Exercise details: Could the listing be repeated exactly, with every picture dropped?

Raw data:
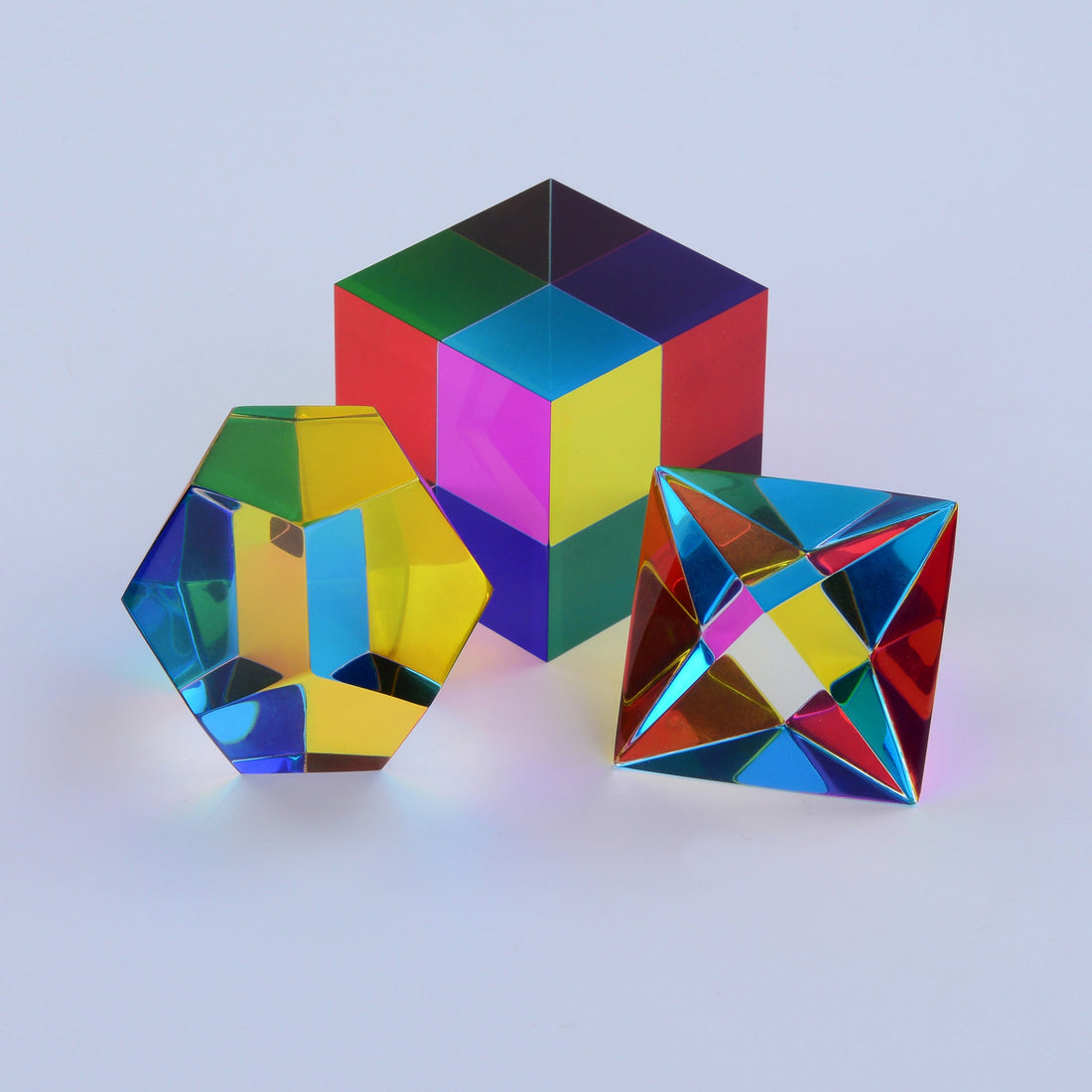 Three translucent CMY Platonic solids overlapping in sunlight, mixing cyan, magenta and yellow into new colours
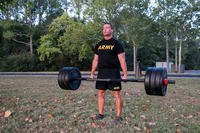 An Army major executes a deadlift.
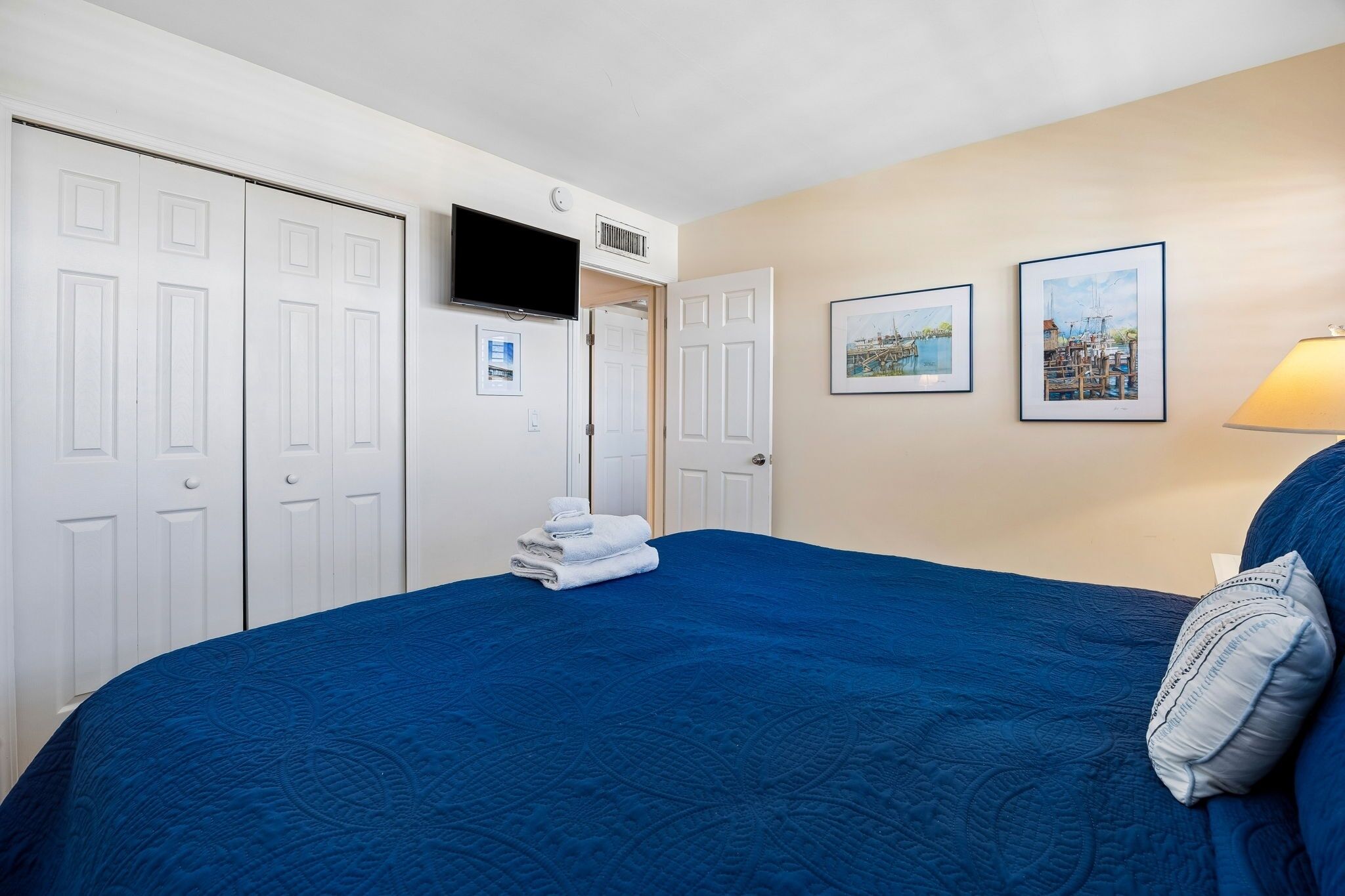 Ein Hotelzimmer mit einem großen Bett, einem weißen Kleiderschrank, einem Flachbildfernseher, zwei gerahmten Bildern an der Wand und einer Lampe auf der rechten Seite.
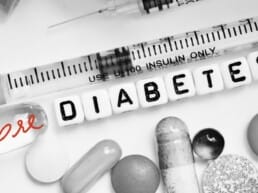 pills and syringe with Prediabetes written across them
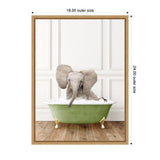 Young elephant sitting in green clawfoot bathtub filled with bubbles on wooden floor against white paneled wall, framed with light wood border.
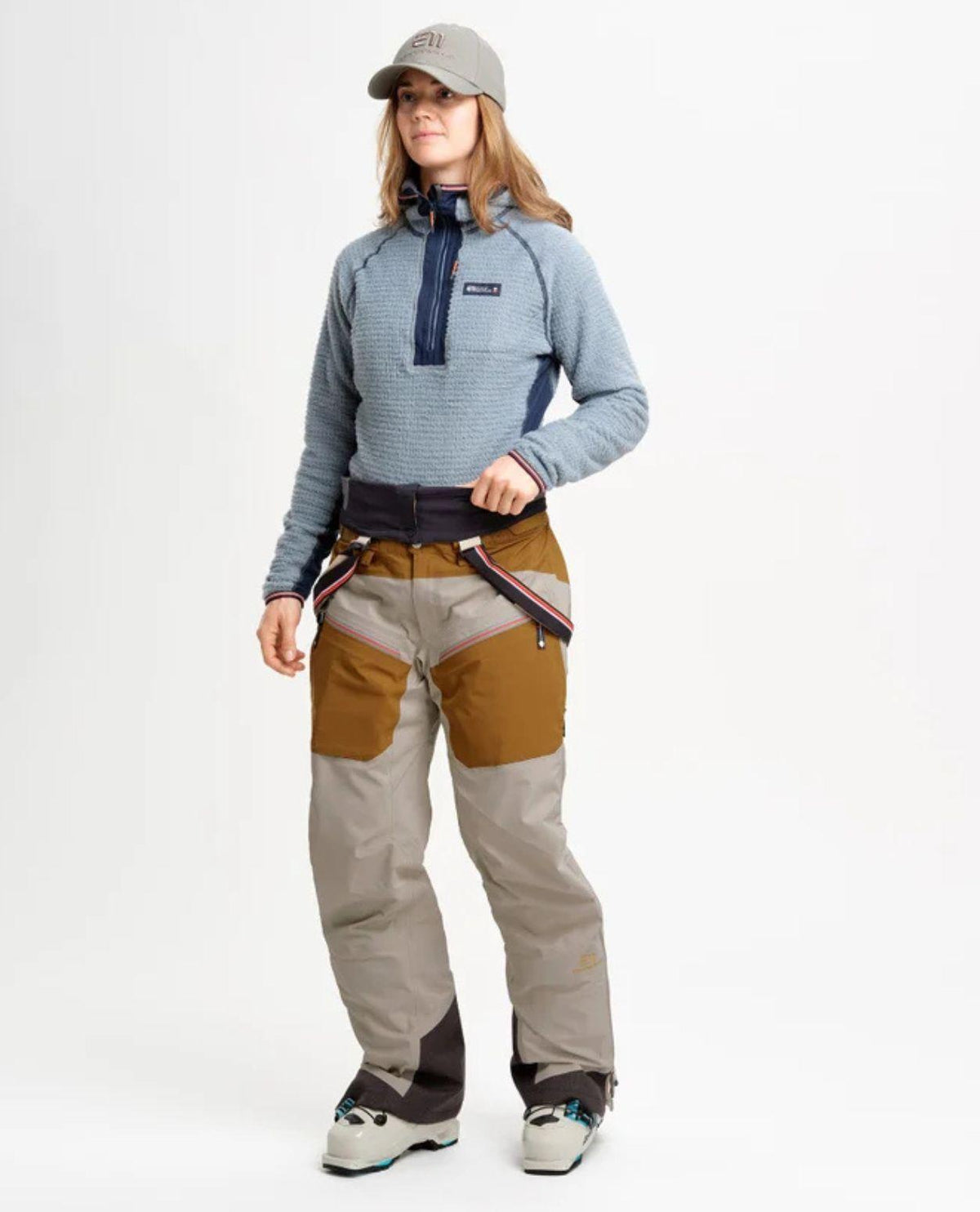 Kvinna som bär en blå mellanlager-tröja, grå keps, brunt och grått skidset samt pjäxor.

Answer section:
 Three translucent CMY Platonic solids overlapping in sunlight, mixing cyan, magenta and yellow into new colours
 An Army major executes a deadlift.
 Ein Hotelzimmer mit einem großen Bett, einem weißen Kleiderschrank, einem Flachbildfernseher, zwei gerahmten Bildern an der Wand und einer Lampe auf der rechten Seite.
 pills and syringe with Prediabetes written across them
 Young elephant sitting in green clawfoot bathtub filled with bubbles on wooden floor against white paneled wall, framed with light wood border.
 Kvinna som bär en blå mellanlager-tröja, grå keps, brunt och grått skidset samt pjäxor.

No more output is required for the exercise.